Gau's theme was seen as illustrating his tragic past despite the sometimes comedic portrayal of his character, while also sharing similarities to the theme of the Veldt.

In the book The Legend of Final Fantasy VI, Pierre Maugein stated that while Gau is clearly a secondary character, he also acts as a "type of self-reflection of the game’s progress". Unlike many of the other characters who are contending with their own grief, Gau's primary goal is to stop Kefka, the game's antagonist that destroyed the world. Maugein further described him as a constrained sort of shōnen manga protagonist in this regard, someone rushing in to a "vengeful crusade without a deeper thought for its implications". He felt Gau's most important role in the party was as a surrogate son to Cyan and a brother of sorts to Sabin, giving the former an outlet for his fatherly love and making the duo "one of the most touching parts of the game" due to their powerful ties, and sharing the latter's desire for freedom. He added that despite Gau's "beastly state", he showed some of the most humanity and growth amongst the cast, going from barely being able to speak a language at the start to expressing care for his friends at the finale.

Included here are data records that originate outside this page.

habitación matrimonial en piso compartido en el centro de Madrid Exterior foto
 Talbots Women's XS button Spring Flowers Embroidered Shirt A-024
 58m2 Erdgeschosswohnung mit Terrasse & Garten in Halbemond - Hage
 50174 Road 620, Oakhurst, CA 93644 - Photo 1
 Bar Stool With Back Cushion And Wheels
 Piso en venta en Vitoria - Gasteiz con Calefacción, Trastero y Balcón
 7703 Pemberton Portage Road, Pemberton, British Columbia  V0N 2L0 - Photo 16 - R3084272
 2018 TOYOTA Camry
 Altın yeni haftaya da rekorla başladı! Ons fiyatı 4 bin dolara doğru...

Sebastian Deken in his book examining Final Fantasy VI and its themes described him as "a bit of a mystery", comparing his characterization and means of joining with the party to how "a dog might be tempted to follow someone home" by someone feeding them. He felt while the character was a good source of comedic relief, such made it easy to overlook his sad backstory, and to Deken his theme music seemed to fill that role. He described it as "unembellished, a little sad, and unfailingly sweet", and added that once one got past his "kookiness, so was Gau". Though it only plays twice, it helps to set up his character, and drive home the point of it in Deken's view. Holleman in his own book also agreed, describing how the cello instrument's use in it gave both a melancholy sound as well as one invoking imagery of an animal. As the theme progresses, Holleman felt the tune after the full instrumental accompaniment felt like "a human choking down an anguished cry" while showing a brave face.

Deken further emphasized how the Veldt's own unique music felt like a secondary theme for Gau, sharing many themes with his main themes and even melodies with Gau's "formal" theme before diverging from it. As it progresses it becomes distinctly different than Gau's own, something that Deken read as "getting wilder with each passing section" in a way that "mirrors Gau’s exile from humanity" and gives a better look at his lost childhood. He felt that the themes when listened in the context of each other helped drive home the theme of his "wildness as a hide draped over his gentleness and innocence."